Source: NBA.com: Duncan's near-departure from Spurs worth reviewing.`

It wouldn't have just been Duncan and Grant Hill, though. Tracy McGrady also joined that year. They would have formed a super-team that at the time was as incredible as the 2011 Heat, though not as star-packed as the Kevin Durant Warriors. Deadspin found this incredible quote from McGrady:

"Once Grant and I get here, this will definitely be the city. The East is locked up. If Duncan comes here, it will be scary.[...]

"It will be unfair to the league if all three of us come here. We have the East. We'll be playing the Lakers for years."

Source: Remember When Tim Duncan Almost Signed With The Magic?.

That's not "Not one, not two, not three, not four..." like LeBron James' infamous press conference intro quote, but it's up there.

It's also notable that Duncan made this decision coming off his rookie contract; restricted free agency had not yet been implemented in the collective bargaining agreement. Nowadays, even if Duncan wanted to leave, he would have signed his max offer sheet with Orlando, and then watched San Antonio sprint to the fax machine to match the offer immediately and retain Duncan.

The Magic wouldn't have just gotten Tim Duncan, they would have gotten him at 24 years old.

Obviously, everything changes if Duncan goes to Orlando. The Spurs likely fall into a prolonged period of searching for that next star and it might have cost Gregg Popovich his job; he likely does not become arguably the greatest coach in the sport's history. Tony Parker and Manu Ginobili?
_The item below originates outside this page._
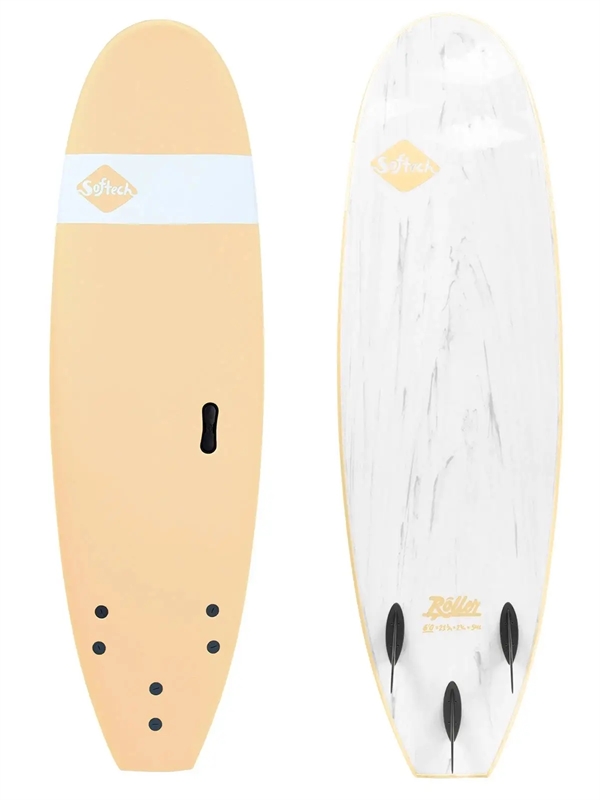 Softech Roller - 6'0"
Their careers are radically different.

Tim Duncan nearly left the Spurs in 2000. USATSI

Depending on how far you want to go down the rabbit hole, imagine this: Duncan goes to Orlando, which forces other teams to react, and suddenly rosters start changing. Teams get better, worse, a few games swing a different way, and perhaps at the end of it the 2003 draft order is altered. Maybe LeBron doesn't go to Cleveland. Maybe Carmelo never ends up in Denver, or D-Wade in Miami. If D-Wade isn't in Miami, then that super-team with LeBron and Chris Bosh -- if it even would've come together in the first place -- would've had to happen somewhere else.

You could go forever with this, and none of it is entirely implausible. All it took was Tim Duncan saying he felt more "comfortable" in San Antonio for the entire NBA to align differently over the next sixteen years. (Sixteen!)

In the end, the better story was this one, though. Duncan cemented a legacy in San Antonio, and changed what the franchise is synonymous with, forever. He built a kingdom in south Texas, something that was both sustainable and incredible. Retiring with the same team that drafted him altered his legacy forever and made his legend that much greater.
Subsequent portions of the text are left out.